Skip to content

Parallel Evaluation

When you call select_best(parallel=True), AgentOpt evaluates model combinations concurrently. The max_concurrent parameter controls the total number of in-flight API calls across all combinations and datapoints.

The Problem

A naive approach would fire all combinations and all their datapoints at once. With 9 combinations and 100 datapoints each, that's 900 concurrent API calls — enough to hit rate limits and get throttled.

Two-Level Concurrency

AgentOpt splits max_concurrent into two tiers:

graph TD
    subgraph "max_concurrent = 20"
        subgraph "Combo Semaphore (n_combo = 4)"
            C1["Combo 1"] --> D1["dp 1..5"]
            C2["Combo 2"] --> D2["dp 1..5"]
            C3["Combo 3"] --> D3["dp 1..5"]
            C4["Combo 4"] --> D4["dp 1..5"]
        end
        C5["Combo 5..N"] -.->|"waiting"| C1
    end
Tier Controls Semaphore
Outer (combo) How many combos run simultaneously asyncio.Semaphore(n_combo)
Inner (datapoint) How many datapoints run per combo asyncio.Semaphore(dp_concurrent)

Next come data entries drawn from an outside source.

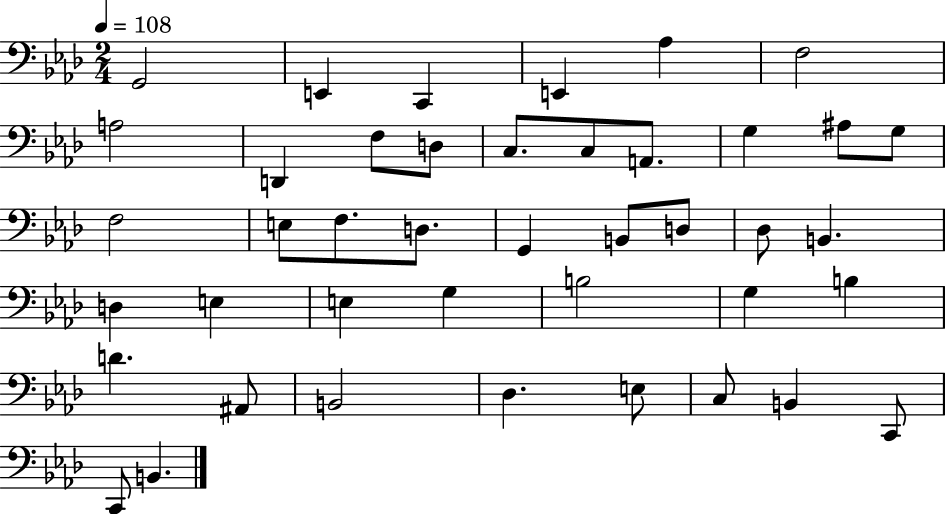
{
  \clef bass
  \numericTimeSignature
  \time 2/4
  \key aes \major
  \tempo 4 = 108
  g,2 | e,4 c,4 | e,4 aes4 | f2 | \break a2 | d,4 f8 d8 | c8. c8 a,8. | g4 ais8 g8 | \break f2 | e8 f8. d8. | g,4 b,8 d8 | des8 b,4. | \break d4 e4 | e4 g4 | b2 | g4 b4 | \break d'4. ais,8 | b,2 | des4. e8 | c8 b,4 c,8 | \break c,8 b,4. | \bar "|."
} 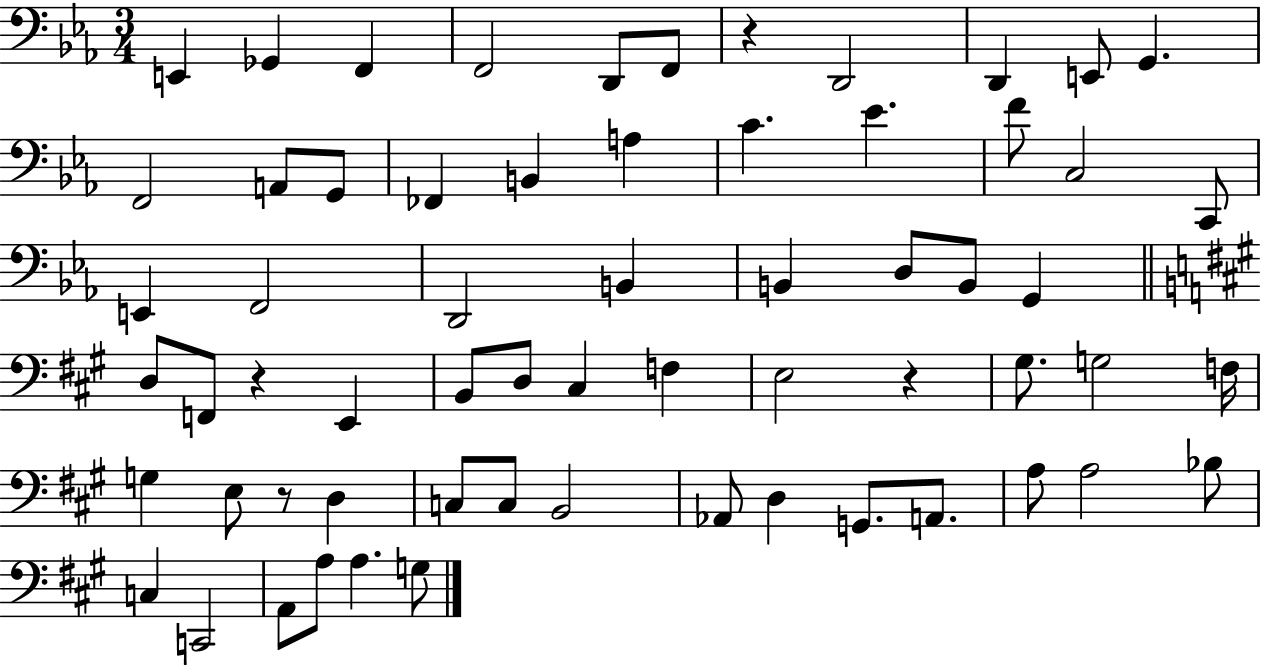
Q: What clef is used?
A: bass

The invariant: n_combo * dp_concurrent <= max_concurrent.

How Slots Are Allocated

The algorithm prioritizes datapoint parallelism — it's better to finish one combo quickly than to start many combos slowly:

dp_concurrent = min(max_concurrent, batch_size)
n_combo       = max_concurrent // dp_concurrent
max_concurrent batch_size n_combo dp_concurrent Behavior
20 5 4 5 4 combos, each with 5 dp in parallel
20 100 1 20 1 combo at a time, 20 dp in parallel
20 1 20 1 20 combos, 1 dp each (bandit algorithms)
10 10 1 10 All slots to a single combo's datapoints

Bandit algorithms

Bandit-style selectors (Arm Elimination, Threshold SE, Epsilon-LUCB) often evaluate one datapoint at a time per round (batch_size=1). In this case, all max_concurrent slots go to running combos in parallel — which is exactly what you want for round-by-round elimination.

Per-Algorithm Behavior

Each selector recomputes concurrency limits at the appropriate granularity:

Selector When recomputed Notes
Brute Force Once Full dataset, fixed batch size
Random Search Once Same as brute force on sampled combos
Hill Climbing Per iteration Recomputed for each neighbor batch
Arm Elimination Per round Batch size grows each round
Threshold SE Init + per round Init batch, then batch_size=1
Epsilon-LUCB Init + per round Same pattern as Threshold SE
Bayesian Optimization Per BO batch Recomputed for each acquisition batch

Usage

# Default: 20 total concurrent API calls
results = selector.select_best(parallel=True)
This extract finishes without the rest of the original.